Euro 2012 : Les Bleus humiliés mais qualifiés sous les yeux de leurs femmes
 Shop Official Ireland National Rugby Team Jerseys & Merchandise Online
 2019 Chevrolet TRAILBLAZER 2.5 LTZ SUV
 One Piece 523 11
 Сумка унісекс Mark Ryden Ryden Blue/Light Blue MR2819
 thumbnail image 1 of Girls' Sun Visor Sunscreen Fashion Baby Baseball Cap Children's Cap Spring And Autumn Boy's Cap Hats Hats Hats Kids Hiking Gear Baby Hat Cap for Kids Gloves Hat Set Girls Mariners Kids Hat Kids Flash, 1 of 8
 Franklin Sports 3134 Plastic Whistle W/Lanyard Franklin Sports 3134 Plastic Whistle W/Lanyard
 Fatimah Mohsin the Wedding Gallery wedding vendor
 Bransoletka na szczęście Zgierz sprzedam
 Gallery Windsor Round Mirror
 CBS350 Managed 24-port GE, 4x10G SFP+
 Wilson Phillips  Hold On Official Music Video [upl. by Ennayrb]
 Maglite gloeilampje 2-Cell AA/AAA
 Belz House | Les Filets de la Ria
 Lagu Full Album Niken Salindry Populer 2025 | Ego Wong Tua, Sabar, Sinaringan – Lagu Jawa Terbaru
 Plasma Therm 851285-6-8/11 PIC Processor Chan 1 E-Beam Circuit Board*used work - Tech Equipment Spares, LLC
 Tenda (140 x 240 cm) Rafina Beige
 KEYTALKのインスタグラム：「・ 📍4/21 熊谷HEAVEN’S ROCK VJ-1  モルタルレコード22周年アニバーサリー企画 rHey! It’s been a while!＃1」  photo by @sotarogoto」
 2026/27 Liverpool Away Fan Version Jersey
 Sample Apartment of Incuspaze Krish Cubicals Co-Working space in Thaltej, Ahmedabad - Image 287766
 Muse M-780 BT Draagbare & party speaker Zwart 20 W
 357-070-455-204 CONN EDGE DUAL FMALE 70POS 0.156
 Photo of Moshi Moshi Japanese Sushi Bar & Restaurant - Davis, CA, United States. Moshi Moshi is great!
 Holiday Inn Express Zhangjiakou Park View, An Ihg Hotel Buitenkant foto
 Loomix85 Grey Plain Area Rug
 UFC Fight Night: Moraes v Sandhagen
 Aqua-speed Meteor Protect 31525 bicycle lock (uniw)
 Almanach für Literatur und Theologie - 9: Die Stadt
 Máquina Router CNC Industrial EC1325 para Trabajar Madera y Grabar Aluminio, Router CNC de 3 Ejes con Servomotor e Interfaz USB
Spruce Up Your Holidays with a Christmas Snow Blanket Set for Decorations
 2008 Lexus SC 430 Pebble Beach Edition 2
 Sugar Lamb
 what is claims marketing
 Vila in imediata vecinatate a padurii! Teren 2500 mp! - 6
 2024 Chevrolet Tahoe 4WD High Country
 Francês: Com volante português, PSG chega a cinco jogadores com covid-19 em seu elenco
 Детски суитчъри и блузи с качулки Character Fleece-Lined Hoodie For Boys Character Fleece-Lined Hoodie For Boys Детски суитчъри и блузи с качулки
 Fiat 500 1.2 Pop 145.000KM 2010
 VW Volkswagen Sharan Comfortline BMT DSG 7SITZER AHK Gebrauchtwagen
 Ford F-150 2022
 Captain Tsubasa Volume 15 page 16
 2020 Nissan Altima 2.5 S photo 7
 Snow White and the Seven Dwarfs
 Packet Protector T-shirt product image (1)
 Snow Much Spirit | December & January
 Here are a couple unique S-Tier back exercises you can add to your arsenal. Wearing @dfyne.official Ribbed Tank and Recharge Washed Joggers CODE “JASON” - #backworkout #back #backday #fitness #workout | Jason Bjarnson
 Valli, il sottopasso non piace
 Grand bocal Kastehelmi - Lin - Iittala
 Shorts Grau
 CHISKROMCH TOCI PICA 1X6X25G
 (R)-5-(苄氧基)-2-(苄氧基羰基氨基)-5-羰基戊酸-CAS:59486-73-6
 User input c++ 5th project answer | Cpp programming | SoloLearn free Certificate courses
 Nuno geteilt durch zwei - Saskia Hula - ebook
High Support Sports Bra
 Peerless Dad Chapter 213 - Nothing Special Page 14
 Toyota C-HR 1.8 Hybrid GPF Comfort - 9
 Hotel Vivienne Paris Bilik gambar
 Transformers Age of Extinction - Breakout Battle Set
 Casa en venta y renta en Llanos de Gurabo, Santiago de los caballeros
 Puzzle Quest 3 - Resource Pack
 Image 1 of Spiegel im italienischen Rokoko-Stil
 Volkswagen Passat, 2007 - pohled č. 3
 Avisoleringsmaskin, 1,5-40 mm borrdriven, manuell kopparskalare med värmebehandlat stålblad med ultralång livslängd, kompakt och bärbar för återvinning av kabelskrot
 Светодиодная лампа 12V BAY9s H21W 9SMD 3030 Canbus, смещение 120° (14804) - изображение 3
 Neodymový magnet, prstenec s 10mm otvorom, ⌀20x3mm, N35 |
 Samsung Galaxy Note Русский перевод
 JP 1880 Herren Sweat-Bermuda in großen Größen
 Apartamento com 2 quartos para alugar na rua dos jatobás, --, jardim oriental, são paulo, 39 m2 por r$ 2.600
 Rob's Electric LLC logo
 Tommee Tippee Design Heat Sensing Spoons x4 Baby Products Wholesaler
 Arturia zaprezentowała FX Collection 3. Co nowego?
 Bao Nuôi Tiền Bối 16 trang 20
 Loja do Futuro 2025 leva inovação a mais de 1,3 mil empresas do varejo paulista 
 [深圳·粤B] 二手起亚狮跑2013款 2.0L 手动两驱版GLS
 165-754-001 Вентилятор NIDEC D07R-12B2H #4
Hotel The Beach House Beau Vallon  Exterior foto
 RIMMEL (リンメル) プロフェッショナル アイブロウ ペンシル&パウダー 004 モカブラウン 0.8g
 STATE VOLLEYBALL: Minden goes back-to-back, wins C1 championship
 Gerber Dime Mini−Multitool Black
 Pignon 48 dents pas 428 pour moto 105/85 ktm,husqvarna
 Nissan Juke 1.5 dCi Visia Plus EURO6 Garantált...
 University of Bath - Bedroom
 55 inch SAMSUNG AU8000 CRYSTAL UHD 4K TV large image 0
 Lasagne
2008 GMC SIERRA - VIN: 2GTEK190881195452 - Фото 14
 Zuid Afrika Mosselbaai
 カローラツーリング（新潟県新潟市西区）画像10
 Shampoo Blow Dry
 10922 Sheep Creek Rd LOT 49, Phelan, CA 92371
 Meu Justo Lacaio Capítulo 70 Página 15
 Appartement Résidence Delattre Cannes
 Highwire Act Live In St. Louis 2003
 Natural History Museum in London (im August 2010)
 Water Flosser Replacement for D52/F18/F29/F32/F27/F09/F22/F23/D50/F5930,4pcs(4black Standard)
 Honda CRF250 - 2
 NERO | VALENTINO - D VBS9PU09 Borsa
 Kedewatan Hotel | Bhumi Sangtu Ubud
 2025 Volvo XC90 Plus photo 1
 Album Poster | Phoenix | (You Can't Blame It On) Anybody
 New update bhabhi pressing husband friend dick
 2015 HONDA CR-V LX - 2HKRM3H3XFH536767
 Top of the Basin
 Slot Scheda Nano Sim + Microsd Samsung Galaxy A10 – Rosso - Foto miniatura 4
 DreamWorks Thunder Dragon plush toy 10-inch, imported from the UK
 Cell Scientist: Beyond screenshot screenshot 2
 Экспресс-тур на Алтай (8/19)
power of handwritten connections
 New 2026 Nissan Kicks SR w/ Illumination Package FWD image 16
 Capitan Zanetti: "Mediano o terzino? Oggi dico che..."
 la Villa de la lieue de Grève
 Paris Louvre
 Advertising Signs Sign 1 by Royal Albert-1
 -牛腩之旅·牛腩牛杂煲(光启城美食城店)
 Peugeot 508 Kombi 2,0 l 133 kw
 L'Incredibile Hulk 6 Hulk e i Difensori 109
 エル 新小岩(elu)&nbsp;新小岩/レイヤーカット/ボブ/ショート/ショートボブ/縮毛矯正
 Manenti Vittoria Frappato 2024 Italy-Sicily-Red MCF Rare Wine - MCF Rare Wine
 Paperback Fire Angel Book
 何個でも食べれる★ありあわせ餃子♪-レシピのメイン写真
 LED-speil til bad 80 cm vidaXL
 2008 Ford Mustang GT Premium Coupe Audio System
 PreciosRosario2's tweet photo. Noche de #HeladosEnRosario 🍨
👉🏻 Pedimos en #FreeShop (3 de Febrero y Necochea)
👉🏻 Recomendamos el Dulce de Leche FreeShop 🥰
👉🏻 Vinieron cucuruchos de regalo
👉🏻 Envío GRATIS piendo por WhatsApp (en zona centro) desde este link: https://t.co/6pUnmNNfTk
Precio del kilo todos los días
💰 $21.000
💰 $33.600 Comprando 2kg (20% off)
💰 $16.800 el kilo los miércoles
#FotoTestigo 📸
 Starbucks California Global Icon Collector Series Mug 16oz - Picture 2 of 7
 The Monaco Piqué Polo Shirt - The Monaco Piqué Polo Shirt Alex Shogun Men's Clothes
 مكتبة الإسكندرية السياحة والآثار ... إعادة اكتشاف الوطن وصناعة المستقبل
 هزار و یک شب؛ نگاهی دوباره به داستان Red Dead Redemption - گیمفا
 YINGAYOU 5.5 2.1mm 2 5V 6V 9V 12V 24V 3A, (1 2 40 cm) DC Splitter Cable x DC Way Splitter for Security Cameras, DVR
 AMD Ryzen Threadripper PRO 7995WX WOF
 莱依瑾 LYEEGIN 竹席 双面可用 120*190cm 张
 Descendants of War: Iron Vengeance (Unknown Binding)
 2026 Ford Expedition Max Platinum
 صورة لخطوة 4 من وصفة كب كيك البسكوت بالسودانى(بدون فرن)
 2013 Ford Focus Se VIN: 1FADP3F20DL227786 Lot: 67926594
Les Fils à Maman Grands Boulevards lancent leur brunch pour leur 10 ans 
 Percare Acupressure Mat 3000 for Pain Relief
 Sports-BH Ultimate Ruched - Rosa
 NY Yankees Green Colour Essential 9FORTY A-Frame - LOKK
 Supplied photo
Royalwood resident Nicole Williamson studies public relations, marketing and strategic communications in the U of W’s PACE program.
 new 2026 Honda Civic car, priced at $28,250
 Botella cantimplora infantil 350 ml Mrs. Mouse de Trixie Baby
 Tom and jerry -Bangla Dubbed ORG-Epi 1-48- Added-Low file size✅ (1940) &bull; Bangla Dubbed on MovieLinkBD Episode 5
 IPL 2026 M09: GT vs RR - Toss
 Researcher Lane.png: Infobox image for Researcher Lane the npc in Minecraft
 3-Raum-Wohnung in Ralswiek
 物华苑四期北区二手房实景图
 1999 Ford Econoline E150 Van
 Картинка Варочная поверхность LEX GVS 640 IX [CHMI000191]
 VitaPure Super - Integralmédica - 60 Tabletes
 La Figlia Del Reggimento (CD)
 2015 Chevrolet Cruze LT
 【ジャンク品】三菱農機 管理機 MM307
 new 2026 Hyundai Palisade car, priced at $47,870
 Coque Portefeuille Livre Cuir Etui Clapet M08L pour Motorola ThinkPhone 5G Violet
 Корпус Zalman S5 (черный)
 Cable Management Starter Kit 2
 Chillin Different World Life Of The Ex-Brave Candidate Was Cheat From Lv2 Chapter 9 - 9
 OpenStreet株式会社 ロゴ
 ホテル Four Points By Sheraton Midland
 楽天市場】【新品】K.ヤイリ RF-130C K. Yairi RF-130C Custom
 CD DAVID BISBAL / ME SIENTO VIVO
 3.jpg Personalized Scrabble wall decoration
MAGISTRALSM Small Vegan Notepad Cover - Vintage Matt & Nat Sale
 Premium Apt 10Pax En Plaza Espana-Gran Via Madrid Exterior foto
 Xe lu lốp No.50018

• WORK ORDER: Your task is to retype the entries verbatim, starting with the line that holds "Kedewatan Hotel | Bhumi Sangtu Ubud" and stopping after the line that holds "Top of the Basin".

• YOUR RESPONSE:
 Kedewatan Hotel | Bhumi Sangtu Ubud
 2025 Volvo XC90 Plus photo 1
 Album Poster | Phoenix | (You Can't Blame It On) Anybody
 New update bhabhi pressing husband friend dick
 2015 HONDA CR-V LX - 2HKRM3H3XFH536767
 Top of the Basin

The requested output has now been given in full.